SAMPLE LESSON FROM WORDSMITH TEACHER'S GUIDE
Ask the student to read his poem aloud. Locate and comment on at least two lines that appeal to you. If you wrote a poem, read it now and let him tell you what he likes about it. If you both write about the same season, it would be interesting to compare the aspects of the season that affect each of you. If some lines in the poetry seem weak (i.e., vague or uncertain), work together on making them stronger – which nearly always means making them sharper and more specific.

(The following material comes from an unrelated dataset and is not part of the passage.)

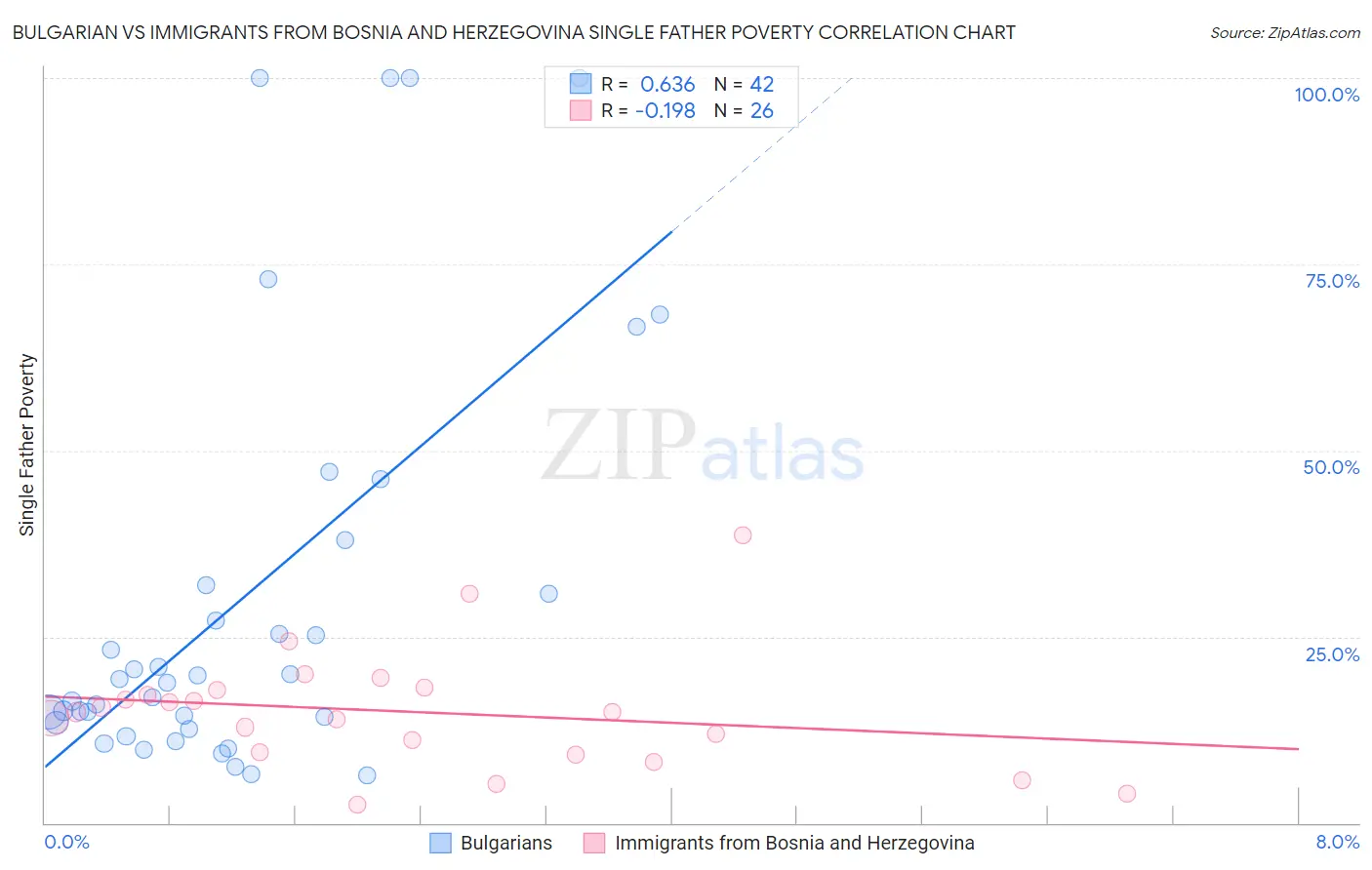 Bulgarian vs Immigrants from Bosnia and Herzegovina Single Father Poverty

In my experience, most young writers are intrigued by poetry once they've actually written a poem; some are even excited by it. I would encourage them to go ahead and write a "collection" of seasons as suggested in 1-B, p. 45. If combining them in a booklet with illustrations seems rather "uncool" to teenagers, you may recruit an artistically-inclined younger child to draw or paint a set of illustrations. If a desired media, such as oil pastels, makes book-making impractical, the pictures may be mounted on a wall or tacked on a bulletin board with the accompanying poem. Use your judgment – if your student is even halfway willing, take the rest of the week to work on the poems. If, on the other hand, he shows no interest whatever, it may be best not to push. Give him the rest of the week off
Write three more poems on the other seasons, following suggestions for Exercise 1-B, p. 45.